Housing Finance Reform Resource Guide
The Housing Finance Reform Act
H.R. 1859: A Brand New System
Thank you for visiting the resource guide I've designed to help you better understand the Housing Finance Reform Act. The purpose of this page is to explain both the need for a completely new housing finance system in this country and introduce you to the plan I've proposed.
Why is housing finance reform so important? Housing is an enormous sector of our economy. We never go into recession without housing leading us in. And, we never come out without housing recovering. Arguably, part of the reason that our current economic recovery is so tepid is because the housing recovery is very weak. When you consider the construction of new houses, the sales of existing houses, the construction and remodel and renting of apartments, the home improvement industry and so forth, it represents a tremendous amount of employment, economic activity and is fundamental to a standard of living. And, none of it moves without adequate financing. Hardly anyone buys, builds or improves a house or apartment paying cash. Pretty much everyone needs to borrow some money.
For these reasons, I've proposed a new system that replaces the unlimited government guarantee of Fannie Mae and Freddie Mac with multiple private companies competing in the marketplace. There would be a catastrophic government guarantee of their securities, not of the companies themselves, moving us away from “too big to fail” institutions.
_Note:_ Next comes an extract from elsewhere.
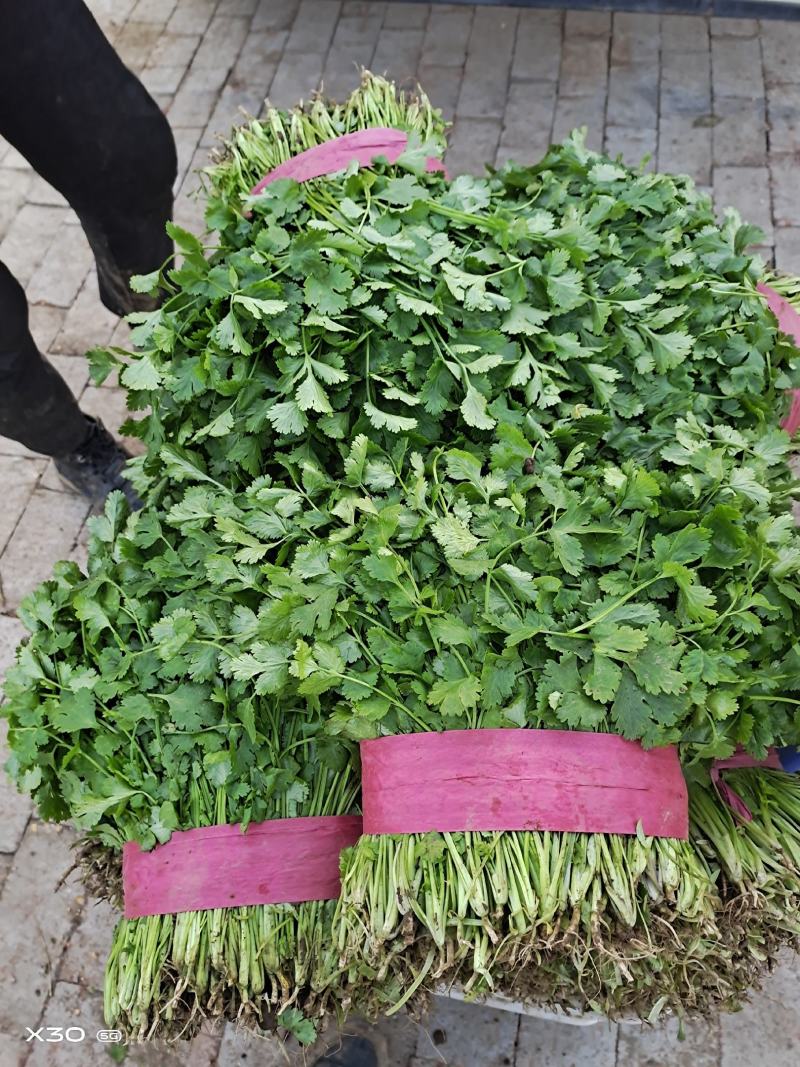 【产地直发】河北精品香菜，20~30厘米，千亩基地直发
The taxpayers would be protected by the judgment of a highly independent regulator and several layers of private capital. This bill is not only the right way to fix the problem, but also happens to be a solution that falls directly in the political center of the issue, making it very attractive to broad, bipartisan support We know this legislation has the support it needs to become law by the end of this session, but we still have work to do in order to get it there."
Please spend some time reviewing the information below and make sure to use the "Contact John" link at the bottom of the page to send me your questions, thoughts, and ideas.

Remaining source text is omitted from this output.